I don’t know why I feel like telling this story now, but I do; it’s the story of a moment–an instant–in my life that I look back on with intense pleasure.
It was the winter of 1990, and I had left the Party some years before, but still considered myself a sympathizer. In International Falls, there was a wildcat strike against Boise-Cascade, which had brought in non-union workers to build a new paper mill. For those who don’t know, a wildcat strike is one where the officials of the union say no to the strike, and the workers tell the officials to bugger off.
One of the leaders of the strike was a guy named Dan; a big guy, with a good voice and clear eyes and an easy smile. Though no longer involved with the movement, I of course saw my parents a great deal, and they were working closely with Dan, so I got to know him. The greatest bitterness was directed against the leadership of the union, which was leaving them on their own, and in fact actively working against them. For whatever reason, I got inspired to write a song, and I did. It was called, “Never Trust a Bureaucrat,” and, really, from a songwriting standpoint, it isn’t one of my best efforts, but it made it’s point. I played it for Dan, and he loved it.

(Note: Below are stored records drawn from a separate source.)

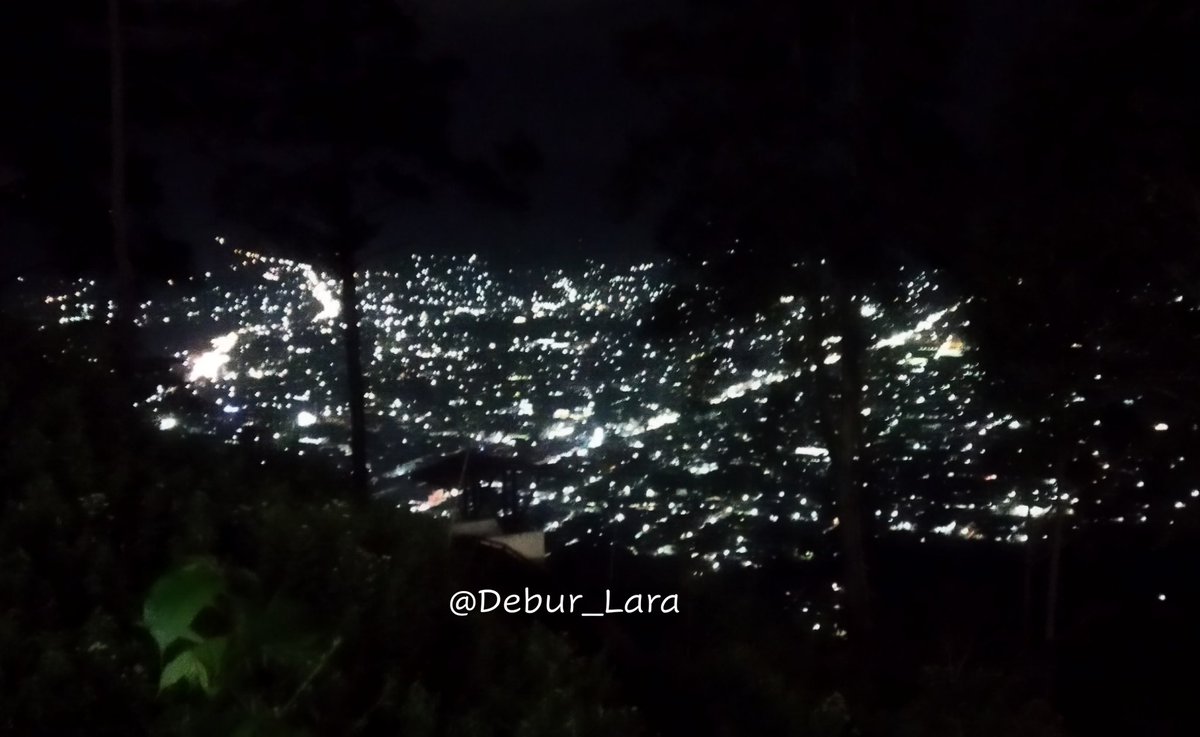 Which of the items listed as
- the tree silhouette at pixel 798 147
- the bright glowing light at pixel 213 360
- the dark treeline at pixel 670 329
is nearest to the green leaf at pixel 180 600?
the dark treeline at pixel 670 329

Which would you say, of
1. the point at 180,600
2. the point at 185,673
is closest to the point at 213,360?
the point at 180,600

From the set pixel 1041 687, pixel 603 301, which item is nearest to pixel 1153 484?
pixel 1041 687

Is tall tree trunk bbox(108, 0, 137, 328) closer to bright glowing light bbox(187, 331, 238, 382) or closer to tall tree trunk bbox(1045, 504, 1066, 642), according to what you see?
bright glowing light bbox(187, 331, 238, 382)

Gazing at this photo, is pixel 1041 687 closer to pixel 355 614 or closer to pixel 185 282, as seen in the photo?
pixel 355 614

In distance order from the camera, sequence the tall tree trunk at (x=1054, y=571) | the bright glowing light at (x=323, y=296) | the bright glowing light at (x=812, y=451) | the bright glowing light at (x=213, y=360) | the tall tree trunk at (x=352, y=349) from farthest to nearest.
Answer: the bright glowing light at (x=323, y=296), the tall tree trunk at (x=352, y=349), the bright glowing light at (x=812, y=451), the tall tree trunk at (x=1054, y=571), the bright glowing light at (x=213, y=360)

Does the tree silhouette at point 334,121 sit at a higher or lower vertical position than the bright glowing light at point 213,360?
higher

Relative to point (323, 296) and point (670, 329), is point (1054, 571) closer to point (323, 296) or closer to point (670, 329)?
point (670, 329)

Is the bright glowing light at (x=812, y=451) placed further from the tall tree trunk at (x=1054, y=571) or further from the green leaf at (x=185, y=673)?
the green leaf at (x=185, y=673) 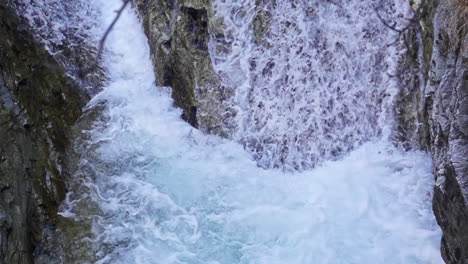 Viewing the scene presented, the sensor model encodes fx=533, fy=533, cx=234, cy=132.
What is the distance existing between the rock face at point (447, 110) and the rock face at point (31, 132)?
3.28 meters

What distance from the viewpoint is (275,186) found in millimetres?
5211

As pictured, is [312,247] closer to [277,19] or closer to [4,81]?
[277,19]

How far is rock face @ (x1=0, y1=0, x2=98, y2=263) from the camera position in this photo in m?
4.93

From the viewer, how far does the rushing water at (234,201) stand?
14.5ft

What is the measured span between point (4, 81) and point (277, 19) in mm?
2920

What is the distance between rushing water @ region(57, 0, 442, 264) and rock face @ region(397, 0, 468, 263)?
17.0 inches

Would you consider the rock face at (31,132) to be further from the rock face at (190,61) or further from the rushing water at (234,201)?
the rock face at (190,61)

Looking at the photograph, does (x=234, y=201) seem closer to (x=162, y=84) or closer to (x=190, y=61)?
(x=190, y=61)

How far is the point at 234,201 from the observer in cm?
494

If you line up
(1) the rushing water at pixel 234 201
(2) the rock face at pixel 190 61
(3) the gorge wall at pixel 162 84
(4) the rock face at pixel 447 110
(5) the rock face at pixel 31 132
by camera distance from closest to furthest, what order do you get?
(4) the rock face at pixel 447 110 → (3) the gorge wall at pixel 162 84 → (1) the rushing water at pixel 234 201 → (5) the rock face at pixel 31 132 → (2) the rock face at pixel 190 61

There was a rally to be held in support of the strike. The UAW workers at the Ford Plant in St. Paul donated the space for the meeting, and ran the concessions (beer and potato chips, as I recall). Dan told me to show up, and to bring my guitar.

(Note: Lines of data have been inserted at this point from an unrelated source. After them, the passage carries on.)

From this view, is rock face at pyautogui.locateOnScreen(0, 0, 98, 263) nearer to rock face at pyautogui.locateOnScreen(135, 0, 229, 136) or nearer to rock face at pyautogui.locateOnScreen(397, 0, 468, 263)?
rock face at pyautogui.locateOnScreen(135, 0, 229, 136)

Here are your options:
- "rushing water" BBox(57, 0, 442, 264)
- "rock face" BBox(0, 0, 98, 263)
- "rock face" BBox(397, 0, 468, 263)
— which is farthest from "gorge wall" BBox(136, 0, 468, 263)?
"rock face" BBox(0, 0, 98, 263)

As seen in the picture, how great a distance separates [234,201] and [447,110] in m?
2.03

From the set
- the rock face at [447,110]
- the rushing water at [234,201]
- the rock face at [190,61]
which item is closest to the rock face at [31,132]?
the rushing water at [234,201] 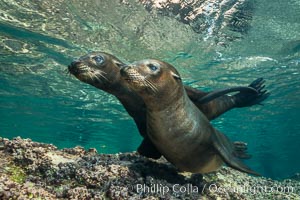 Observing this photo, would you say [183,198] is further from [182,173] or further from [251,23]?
[251,23]

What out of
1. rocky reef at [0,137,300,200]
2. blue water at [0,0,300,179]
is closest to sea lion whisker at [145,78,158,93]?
rocky reef at [0,137,300,200]

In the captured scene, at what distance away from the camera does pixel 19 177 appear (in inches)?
158

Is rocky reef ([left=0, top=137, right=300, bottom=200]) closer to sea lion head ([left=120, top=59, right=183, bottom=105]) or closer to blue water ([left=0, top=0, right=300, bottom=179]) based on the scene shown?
sea lion head ([left=120, top=59, right=183, bottom=105])

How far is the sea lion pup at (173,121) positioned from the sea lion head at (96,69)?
3.65 ft

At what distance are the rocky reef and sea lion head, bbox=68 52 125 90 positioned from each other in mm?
1391

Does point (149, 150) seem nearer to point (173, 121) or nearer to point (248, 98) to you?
point (173, 121)

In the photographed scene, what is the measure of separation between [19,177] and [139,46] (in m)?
12.3

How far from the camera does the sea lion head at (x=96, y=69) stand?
475 centimetres

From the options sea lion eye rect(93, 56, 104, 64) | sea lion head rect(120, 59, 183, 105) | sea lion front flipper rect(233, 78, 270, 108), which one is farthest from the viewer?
sea lion front flipper rect(233, 78, 270, 108)

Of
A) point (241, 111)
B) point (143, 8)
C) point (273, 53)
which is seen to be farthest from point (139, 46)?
point (241, 111)

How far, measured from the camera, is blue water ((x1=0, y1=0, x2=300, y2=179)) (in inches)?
486

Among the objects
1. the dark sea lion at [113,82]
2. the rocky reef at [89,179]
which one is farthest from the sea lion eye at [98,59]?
the rocky reef at [89,179]

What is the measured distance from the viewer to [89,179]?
405 centimetres

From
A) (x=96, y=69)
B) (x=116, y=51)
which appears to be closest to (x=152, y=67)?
(x=96, y=69) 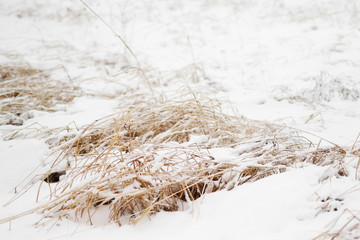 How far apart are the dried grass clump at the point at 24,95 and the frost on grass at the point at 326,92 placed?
2130mm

The speakers were pretty awful. One was a leader (read: bureaucrat) of the pilot’s union, then striking against Eastern Airlines, and he bragged (bragged!) that they had pioneered the policy of givebacks–that is, offering to the company to reduce wages and benefits. The other speakers weren’t much better.

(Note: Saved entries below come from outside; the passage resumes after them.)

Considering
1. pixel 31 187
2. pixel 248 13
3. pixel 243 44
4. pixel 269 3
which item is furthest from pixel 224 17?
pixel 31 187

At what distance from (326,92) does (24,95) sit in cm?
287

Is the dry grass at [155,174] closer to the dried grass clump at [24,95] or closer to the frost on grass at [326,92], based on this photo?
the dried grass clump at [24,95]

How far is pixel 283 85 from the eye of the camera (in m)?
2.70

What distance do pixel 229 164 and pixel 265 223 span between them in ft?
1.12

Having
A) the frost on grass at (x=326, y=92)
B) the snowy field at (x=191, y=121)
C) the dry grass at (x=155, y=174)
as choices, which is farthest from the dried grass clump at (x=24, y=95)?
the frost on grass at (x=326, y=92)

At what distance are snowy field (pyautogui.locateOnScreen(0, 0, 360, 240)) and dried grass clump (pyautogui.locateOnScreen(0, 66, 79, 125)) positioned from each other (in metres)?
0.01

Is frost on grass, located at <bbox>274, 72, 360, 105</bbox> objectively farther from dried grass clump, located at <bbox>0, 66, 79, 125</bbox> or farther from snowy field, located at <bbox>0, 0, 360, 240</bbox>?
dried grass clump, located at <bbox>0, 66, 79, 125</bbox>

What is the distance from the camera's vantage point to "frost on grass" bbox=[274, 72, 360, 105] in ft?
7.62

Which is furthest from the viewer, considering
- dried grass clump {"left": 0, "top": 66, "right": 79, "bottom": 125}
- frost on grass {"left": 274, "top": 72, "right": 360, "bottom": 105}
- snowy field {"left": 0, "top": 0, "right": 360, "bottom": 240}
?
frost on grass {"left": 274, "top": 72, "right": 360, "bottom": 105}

Finally, Dan had had enough. As some other bureaucrat was about to speak, he stood up, walked up to the mic like an army, and started talking. There was more passion than science in his speech, but there was a lot of passion. He was mad, fed up, disgusted. He spoke of the need for a labor party, and he spoke of the need for revolutionary leadership in the unions. He mentioned my parents by name, and then mentioned me–asking me to come up and sing my song.
I made a decent job of it; there was a line of bureaucrats–the speakers–against one wall, but I focused on the rows of construction workers from International Falls in front of me, and the Ford workers in back of them. I have no memory of how much or how little applause I got, but as I went to put my guitar away, Dan gave me a nod, and that meant a great deal.
All I was sure of, as I packed up the guitar, was that I really, really wanted a beer.
I walked back to the concession stand. The guy behind the counter, a Ford worker, gave me a nod and a beer. I put a dollar on the counter, but he pushed it back at me. “Your money’s no good here,” he said.
I walked out of the place feeling ten feet tall.